I am doing web scraping.
Below is the code I used.
I wrote few comments on the comment.
library(httr)
library(rvest)
library(stringr)
# Bulletin board url
List.of.questions.url<- 'http://kin.naver.com/qna/list.nhn?m=noanswer&dirId=70108'
# Vector to store title and body
answers <- c()
# get the posts from page 1 to page 2.
for(i in 1:2){
url <- modify_url(List.of.questions.url, query=list(page=i))
list <- read_html(url, encoding = 'utf-8') #I think I encoded, but I'm getting an error.
# Gets the url of the post.
# TLS = title.links, CLS = content.links
TLS <- html_nodes(list, '.basic1 dt a')
CLS <- html_attr(TLS, 'href')
CLS <- paste0("http://kin.naver.com",CLS)
#Gets the required properties.
for(link in CLS){
h <- read_html(link)
# answer
answer <- html_text(html_nodes(h, '#contents_layer_1'))
answer <- str_trim(repair_encoding(answer)) #I think I encoded, but I'm getting an error.
answers<-c(answers,answer)
print(link)
}
}
However, this error occurs while scraping.
Maybe it's about encoding.
(But as I wrote in the comments, I think I did the encoding properly.)
[1] "http://kin.naver.com/qna/detail.nhn?d1id=7&dirId=70111&docId=280474910"

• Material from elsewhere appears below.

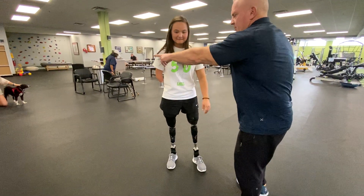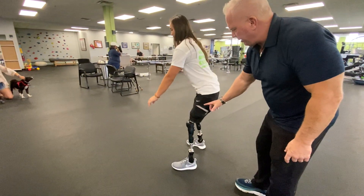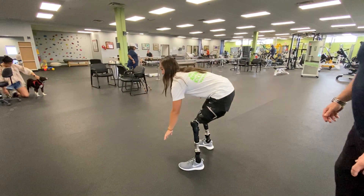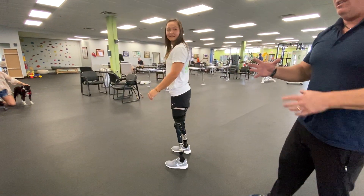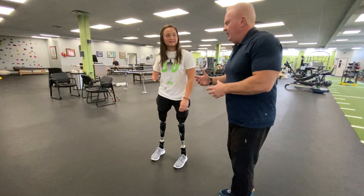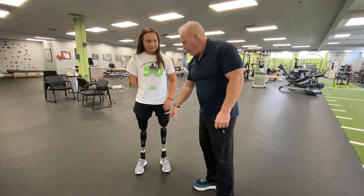Even when she turns sideways, she's able to bend down and touch the ground and fire her muscles without the knee giving, because she can stabilize everything with the muscles. And she's already seen her leg really tighten up since she's been wearing it, because she can actually fire her muscles.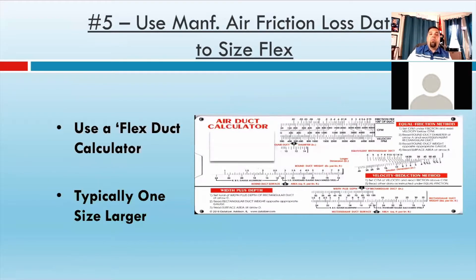Number five: you need to use the manufacturer's air friction loss data to size flex. Most people just use the standard duct calculators that every manufacturer rebrands and gives out — unfortunately, that's used for hard sheet metal, it's for rigid duct, not for flex duct. Now, if you pull it tight and have less than 4% compression ratio, it's probably the next size up. Personal experience using both duct calculators: if a sheet metal run needs to be six inches, I would have to run seven-inch flex. If you use the ACCA duct calculator — the friction rate calculator — it has multiple wheels, and one wheel covers flex. Some flex duct manufacturers provide their own version. If you do a lot of flex, make sure you're using the right duct calculator or know to add that additional size up.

Error: No guess has more than 50% confidence
In addition: There were 43 warnings (use warnings() to see them)
> warnings()
1: In stringi::stri_conv(x, from = from) :
the Unicode codepoint \U000000a0 cannot be converted to destination encoding
2: In stringi::stri_conv(x, from = from) :
the Unicode codepoint \U000000a0 cannot be converted to destination encoding
3: In stringi::stri_conv(x, from = from) :
the Unicode codepoint \U000000a0 cannot be converted to destination encoding
4: In stringi::stri_conv(x, from = from) :
the Unicode codepoint \U000000a0 cannot be converted to destination encoding
5: In stringi::stri_conv(x, from = from) :
#All the same contents, so omitted
How do I fix it?
Thank you for your advice